Klondike is an unincorporated community in Delta County, Texas, United States. According to the Handbook of Texas, its population was estimated at 135 in 2000.

==History==
John Hunt gave the land for Pleasant Grove Cemetery in 1852, marking the beginning of the area's settlement. There had been a Methodist congregation since the 1860s. Pleasant Grove became a railroad stop when the Texas-Midland Railroad constructed a line through it to Cooper, the county seat, in 1895. The town had 75 residents in August 1897. After renaming the church as Klondike Baptist Church of Christ after two months, four of them founded the New Prospect Baptist Church. In commemoration of the Canadian Klondike, the location of the gold rush, Joel Jefferson Hunt petitioned for a postal franchise that same year under the name Klondike. The town had 151 residents by 1904, and the Baptists had constructed a new building in 1901. A telegraph office, a telephone exchange, a blacksmith shop, a hardware store, a drugstore, three general stores, and a dry goods store served 400 residents and three doctors in the town in 1914. The president of First State Bank, which had a $20,000 capital, was J. J. Hunt. There were two sizable cotton gins, and the shipment of cotton was the main business. Throughout the next ten years, Klondike continued to be a busy shipping hub; in 1929, 350 people were living there. However, the cotton boom's affluence was short-lived, as the Great Depression drove out residents of the neighboring rural areas. 154 people were living in Klondike in 1933. The village has one cemetery and two churches according to maps from 1936. In the 1940s and 1950s, Klondike was home to 150 people and six businesses. Four churches, Pleasant Grove Cemetery, Klondike Cemetery, and 50 residences were shown on maps of the location from 1964. By 1976, a community center was finished. Three churches, two cemeteries, the post office, and two businesses were depicted on maps of Klondike in 1984. There were twelve enterprises and 135 persons in the town in 2000.

==Geography==
Klondike is located at the intersection of Farm to Market Roads 1528 and 2890, 3 mi southwest of Cooper in southwestern Delta County.

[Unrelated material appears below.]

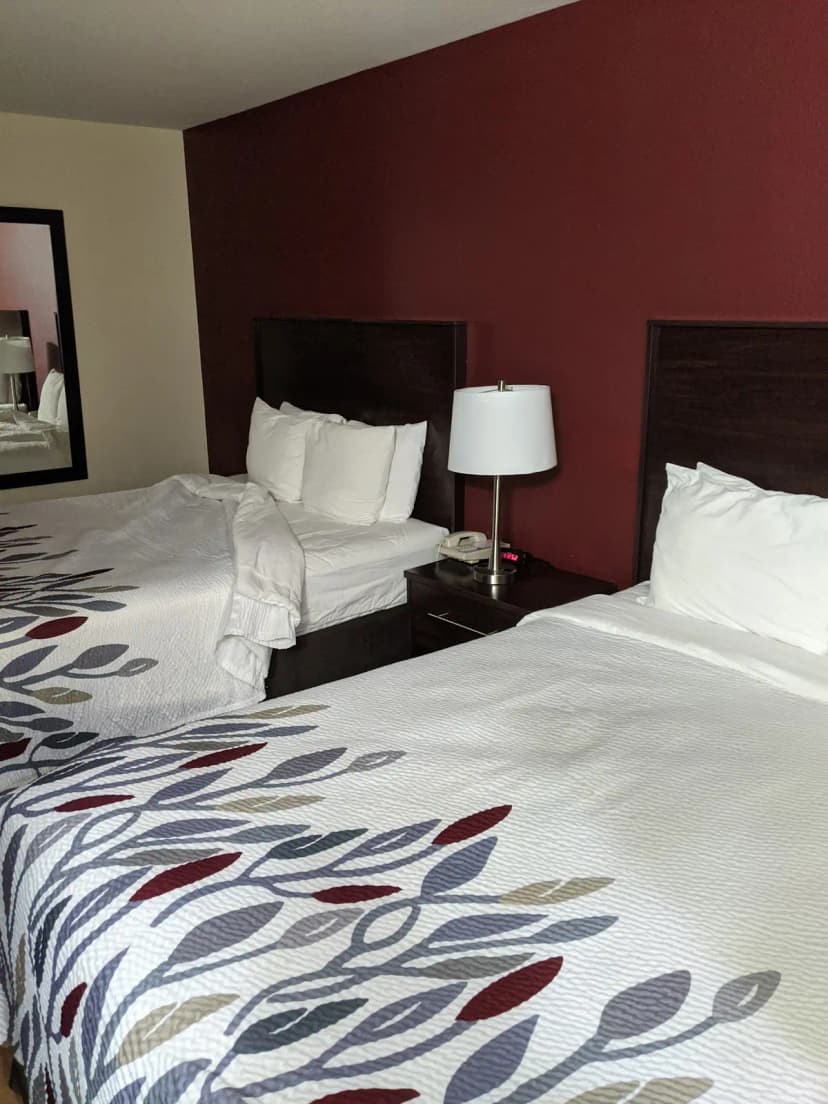 Hotels with jacuzzi in room in Monee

On January 25, 1938, a spur of Texas State Highway 24 was designated in Klondike.

==Education==
A Methodist congregation and school first convened in the same structure on the property in the 1860s. The Methodists permitted the newly formed Baptist fellowship to use the school building. In the Klondike school district in 1905, there were two schools: one with 134 White pupils and three teachers, and one with 49 Black kids and one teacher. Following the school's 1945 fire, the West Delta school district was created by combining the Klondike and Shiloh school systems. Local kids were enrolled in the Cooper Independent School District by 1970.

==Notable people==
Brothers Ed and Marshall Robnett, who played in the National Football League, were born in Klondike.